Lisa R. Garcia, Regina Garza Mitchell, Brian S. Horvitz, & Cheryl D. Calhoun

Introduction & Background

Instructional methods are an important consideration when planning and investigating online formats, which favor more constructivist approaches (Garrison, Anderson, & Archer, 2010; Major, 2015). These approaches often involve instructors connecting synchronously or asynchronously with students who interact with each other in collaborative ways (Hanna, 2003).  Despite the continuing enrollment growth in online education (Lokken, 2016) and the national emphasis on CTE as a means of boosting the economy (D’Amico, Morgan, Katsinas, & Friedel, 2014), relatively little is understood about the scope and impact of online CTE at the community college.

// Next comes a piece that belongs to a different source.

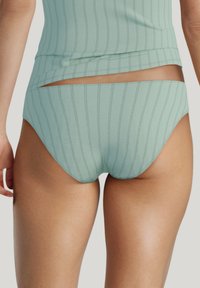 Mintgroene short met verticale ribbelstructuur, voorzien van een uitsnede in de tailleband, gemaakt van zachte, rekbare stof voor comfort.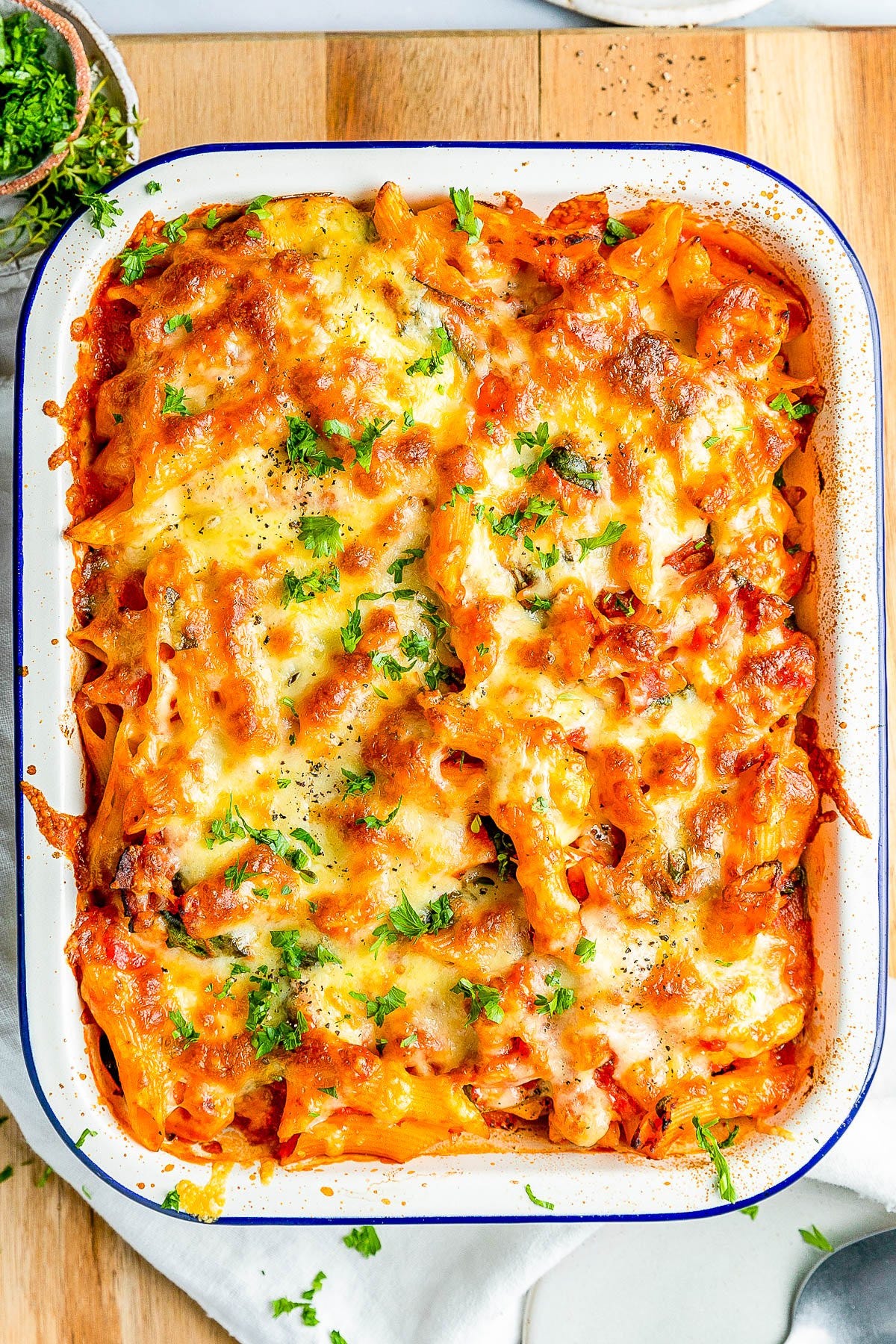 Baked pasta dish with melted cheese and parsley served in a white rectangular dish on a wooden surface. Baked pasta dish with melted cheese and parsley served in a white rectangular dish on a wooden surface.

Only a small number of empirical studies have been conducted in relation to online CTE in community colleges (Benson et al., 2008; Githens, Crawford, & Sauer, 2010).  This poster presents findings from a national study of community colleges that implemented online educational elements into technical courses and programs. 

Conceptual Framework

Online learning ultimately involves changing the nature of technical education (Garza Mitchell, 2009). In addition to new procedures and tools, current forms of online education require instructors and students to connect differently, resulting in new organizational contexts and new forms of pedagogies (Hanna, 2003, 2013; Major, 2015).  The very nature of online course design impacts the faculty role, splitting what was traditionally the work of one person into a production-line model (Smith, 2010).  These types of change have the potential to alter organizational culture, in particular “shared basic assumptions” (Schein, 2004, p. 17) about what it means to teach and learn in technical programs. 

Methods & Data Analysis

  • Multiple case study with 15 community colleges that received ATE funding to incorporate online or hybrid education into community college technical education (culled from larger national study).
  • Semi-structured interviews with 23 project leaders and faculty
  • Document analysis of project-related documents (e.g., curriculum, syllabi, and web sites).
  • A priori coding structure was developed to allow for initial sorting of data based on broad categories such as online integration and rationale for implementation.
  • A minimum of two members of the research team coded transcripts separately, and then teams of 2-4 researchers conducted an additional round of coding to compare results, come to agreement, and ensure inter-rater reliability.
  • After two rounds of coding, a narrative draft was developed for each case.
  • The research team met regularly to compare and discuss findings and to work out challenges that were faced in data analysis.


Instructional Delivery

  • Ten of the 15 projects in this study used a hybrid mode for instructional delivery with asynchronous online lectures.
  • Four of the projects used a hybrid mode for instructional delivery with synchronous online lectures.
  • One project used a hybrid mode with both asynchronous and synchronous lectures & discussions.
  • Only one project was fully online.

Student Experience

  • Learning through Observation
    • Nine of the 15 projects used pre-recorded videos.
    • One project used live video/telepresence.
  • Learning by Doing
    • Six projects used computer-based simulations.
    • Five projects required students to use technical equipment at home.
    • Eight projects required students to work on technical equipment at a lab.
    • Three projects required students to work in actual professional settings.

Garza Mitchell, R., Calhoun, C., Garcia, L., & Horvitz, B. (2018). Online Technical Education in Community Colleges. Presented at the 2018 Conference of the American Educational Research Association, New York, NY.